Sevgili Pınar,
Kaç yıllık bir yazı olacak kaleme alınanlar, hepimizin meçhulü. Yazmam gerektiğini bilmezken niye yazmadığımın sorulması henüz fikrimde ve gönlümde karşılığını bulmuş değil.
Hayatın bütünü bu tarz beklentilerin içinde şekillenip gidiyor zaten. Duygular dile getirilmeden, herkes içinden geçenlerin birileri tarafından bilinmesini istiyor. Geçelim.
Yarısını beraber harcadığımız dört yılın son demlerinde acısını henüz hissettirmeyen bir ayrılığın tatlı bekleyişi var hepinizde. Hep bitmesi istenen ama bitince ‘eyvah’larla farkına varılan bir ayrılıktır bu.
Her an’ın insan hayatında tek ve özel olduğunu düşünürsek, “liseli yıllar” da müstesna bir güzellik olarak yerini alacak geçmiş müzesinde.

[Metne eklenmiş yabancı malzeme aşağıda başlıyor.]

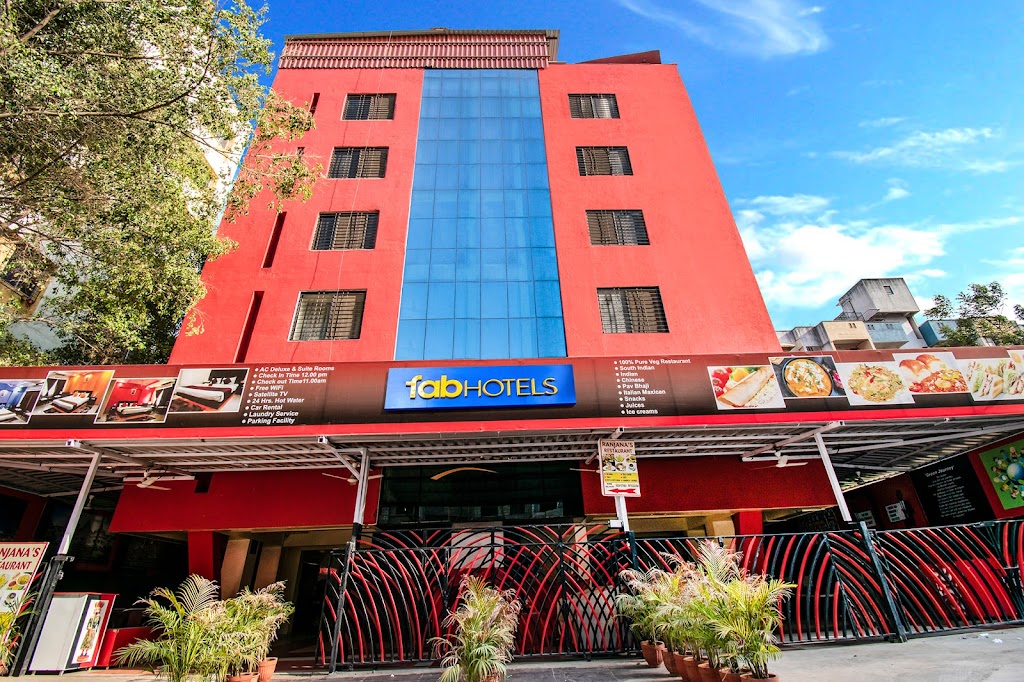 Fabhotel Ranjanas Hotel In Pimpri Chinchwad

Ve çoğu kez koruma altına alınmış tarihî eserler gibi el sürmeye korkacağız. Dokunursak bir görevli gelip bizi uyaracakmış tedirginliğinde olacak kalbimiz. İçimizde engel olamadığımız bir duygu bizi, o yasak olmayan ama yasakmış gibi hissettiğimiz anılara götürecek. Eseri bol, ziyaretçisi az bir müzeye dönmeden hayat, anılara bir güzel bakım yapmalı. Parlatmalı her birini. Onlar parladıkça gözlerimizin parlayacağını, yüreğimizin ışıyacağını unutmadan.
Hâsılıkelâm, içinden geçenleri okuyamamıştım. İçimden geçenleri okuyabileceksin. Kelimelerin/cümlelerin bakıma ihtiyacı yok. Ya düşüncelerin…
Öyle bitsin diye acele ederken insan sonuna gelince çok üzülüyor gerçekten. Ama hayat bu işte bitişler başlangıçlara gebe, hüzünlendirse bile…
Kaleminize sağlık.
Teşekkür ederim Büşra. 🙂
Bitişler başlangıçlar birbirini kovalarken bir bakmışsın ömür bitiyor. Dünyanın bitişi güzel bir başlangıca gebeyse ne âlâ…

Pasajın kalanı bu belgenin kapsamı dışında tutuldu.